If you're talking to your grandparents long distance that post-Thanksgiving Monday, it will probably cost less if you drop the dime, rather than the other way around. An AARP-sponsored survey last year (www.research. aarp.org/consume/d16819_longdist_1.html) found that, whereas 58 percent of people aged 18 to 49 have switched long-distance carriers to get a cheaper rate, only 39 percent of those 65 or over have done so. This tallies with the finding that less than a third of those 65 or over have even looked for long-distance providers with cheaper rates.
Since households headed by those 55 and over make up the greatest percentage of households with telephones (according to the National Telecommunications and Information Administration's "Falling Through the Net: Defining the Digital Divide" at www. ntia.doc.gov/ntiahome/fttn99/contents.html, it stands to reason that a whole lot of people are spending more on long distance than they need to.

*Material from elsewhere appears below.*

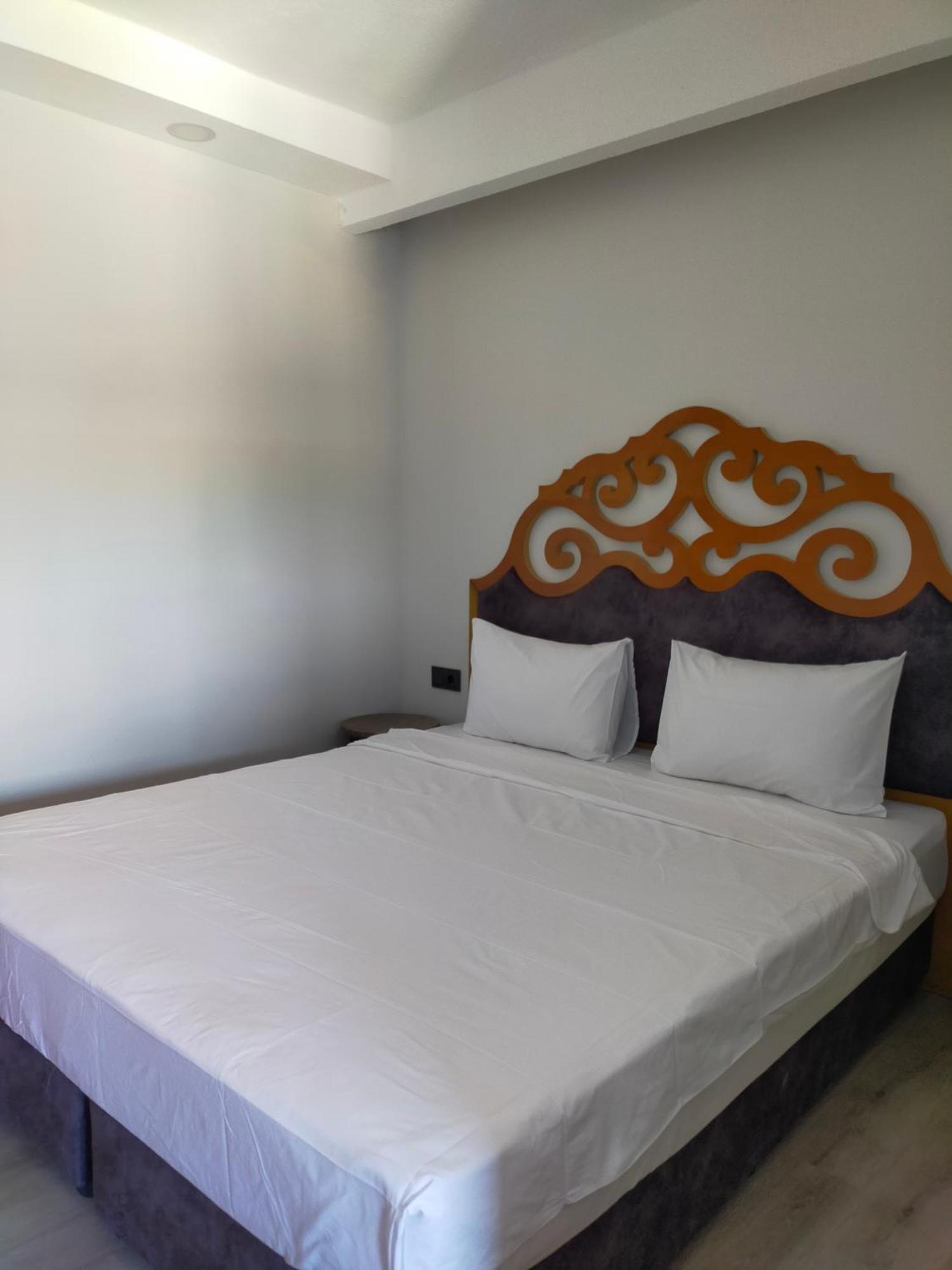 Gala Otel เอดีร์เน ภายนอก รูปภาพ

Nor are people over 55 likely to be using e-mail as one of their long-distance communications options. "Falling through the Net" reports that between 1994 and 1998, householders over 55 with home e-mail access grew from 1.3 percent to 9.3 percent - a sizable jump, but still leaving them far short of the 24 percent range for those age 25 to 54. There's hope for the overpaying oldsters, however: More and more of them will be using cell phones in the future. According to the 1997 Wireless Market Monitor Survey sponsored by the Personal Communications Industry Association (www.pcia. com), by 2010 today's 20 percent wireless penetration for those 60 and over will have reached 60 percent.
The AARP also discovered that more than three-quarters of long-distance callers - regardless of age - claimed either to be getting a good deal on their long-distance service or paying about what it's worth. How most of them came to this conclusion is a mystery, since 37 percent of long-distance callers don't even pay attention to what their long-distance service costs. (It must be the Psychic Friends.)
January 1999's "Dynamics and Trends in the Wireless Marketplace" report from the Cellular Telecommunications Industry Association notes that wireless service providers are considered good deals by roughly the same percentage of people who like their long-distance provider (www.wow-com.com/statsurv/survey/hart/). Does this indicate satisfaction or inattention?
This past September the FCC released the second of its biennial surveys, "Trends in Telephone Service" (www.fcc.gov/Bureaus/Common_Carrier/Reports/ FCC-State_Link/trends.html). The greatest percentage of domestic long-distance phone calls, 23.1 percent, fell into in the 23-to-55 mile category - which says less about our calling habits than it does about the phone companies' definition of long distance.
As far as how long we talk on the phone, the shortest calls tend to travel the fewest miles: 4.2 minutes on average for calls from one to ten miles ("Hello, Dominos?") The longest calls (an average of 11.8 minutes) spanned between 926 and 1,910 miles ("I just told you everything I put in my letter").
And the largest percentage of calls (34 percent in 1998) last no more than a minute - no surprise, given the number of answering machines now standing in for human beings. A 1997 survey by Decision Analyst, Inc. (www.decisionanalyst.com) found that more than 77 percent of American households report owning an answering machine; 85 percent of those in the 18-to-34 age group had one, as opposed to 67 percent of those 55 and older. Call-waiting isn't terribly popular among the 65-and-over crowd either, the AARP reports. Only 18 percent subscribed to the service, versus 55 percent of those 18 to 49.
So if you're looking for that perfect Christmas present for Grandma, how about a combination telephone/answering machine, throw in call-waiting and voicemail options, along with a long-distance service provider you've personally selected for its discount calling plan. Add a cellular phone for emergencies, and you'll always be able to leave her a message. As soon as she finishes reading all those manuals, you'll get a call back.